The need for participation

The involvement of all stakeholders, particularly farmers, is crucial to monitoring and measuring capacity building. Their input provides insights into the effectiveness of capacity-building activities and helps tailor these initiatives to their needs. Establishing feedback mechanisms where farmers can share their experiences and observations ensures that capacity-building efforts are responsive and adaptive to on-ground realities. This process can be as simple or as complex as necessary – even basic questionnaires or interviews with participants can provide insights into what is working as intended and what needs improvement.


Ultimately, the goal of monitoring and measuring capacity building is to identify successes or failures and use them to learn and adapt on-the-go. For instance, if a training program designed to improve farmers’ agricultural practices is not leading to a significant increase in yields, the organisation can review the program’s content, delivery methods, and participant engagement strategies. Organisers may find that the training curriculum needs to be more tailored to the specific needs of the target audience, or that the training sessions need to be more interactive and hands-on. Making these adjustments can then increase the effectiveness of capacity building initiatives and contribute to more meaningful and targeted improvements.

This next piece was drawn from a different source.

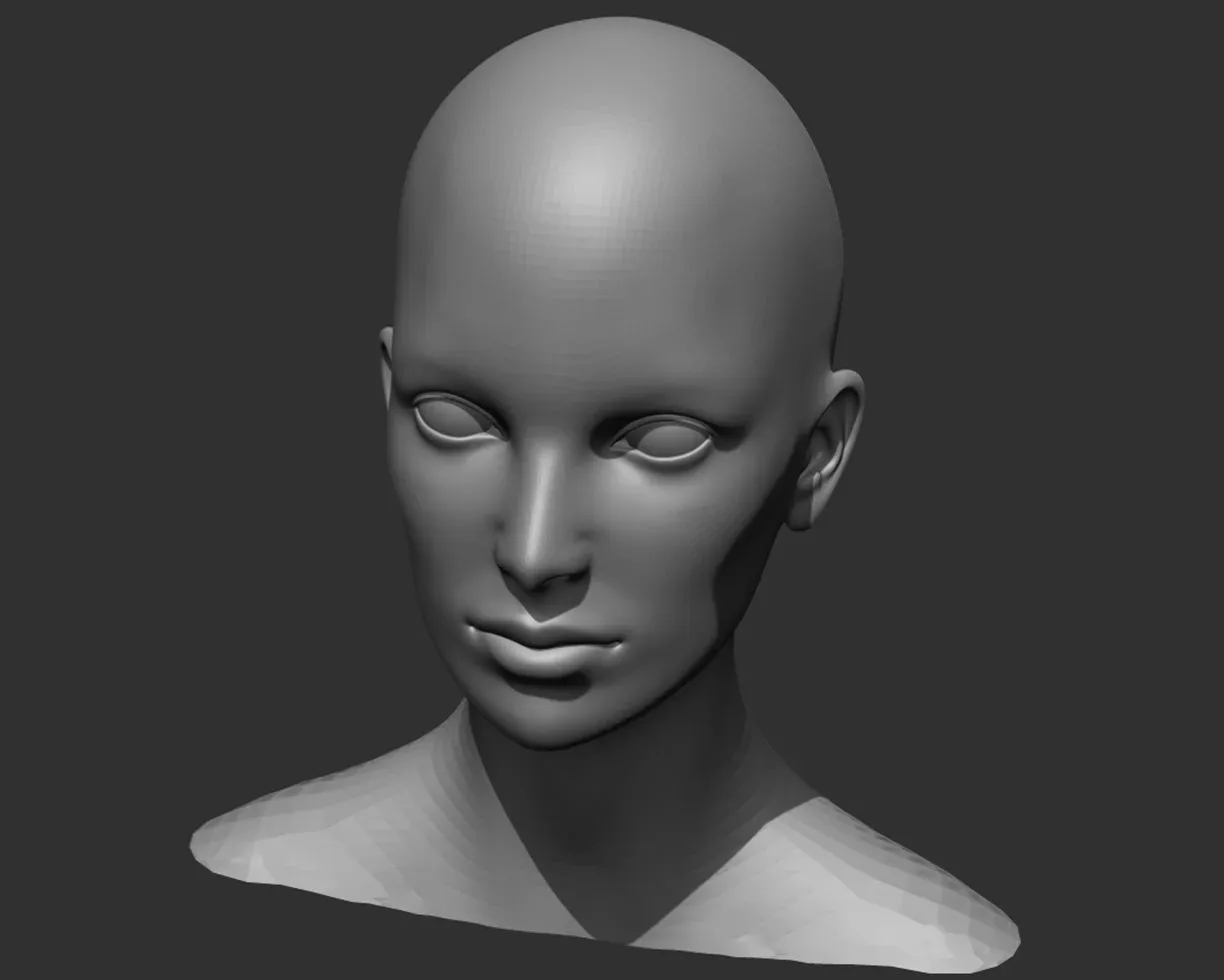Female Head Realistic Base Mesh 3D Model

Measuring capacity building with expert guidance

Agricultural development initiatives are urgently needed to tackle growing food insecurity and develop more resilient and sustainable food systems in developing regions. As public and private stakeholders implement capacity building strategies, the process of monitoring and measuring capacity building must be prioritised. More progress must be made to develop tools and strategies that measure existing capacities, as well as the effectiveness of on-going interventions.

At Farrelly Mitchell, our capacity building and training consultants are committed to empowering rural agriculture and building resilient farming communities. We work in some of the world’s most challenging regions to provide a variety of supports to both public and private development initiatives. Our capacity building supports include farmer education, on-site training, communication programs, and stakeholder engagement initiatives.

We understand that every development project is unique, so we tailor our supports to the specific challenges and capabilities of the community, ensuring that our interventions are relevant, effective, and sustainable. Contact us today to learn more about our services, and design effective solutions that make effective, quantifiable change.



Nathan Davies

Regional Director (West Africa)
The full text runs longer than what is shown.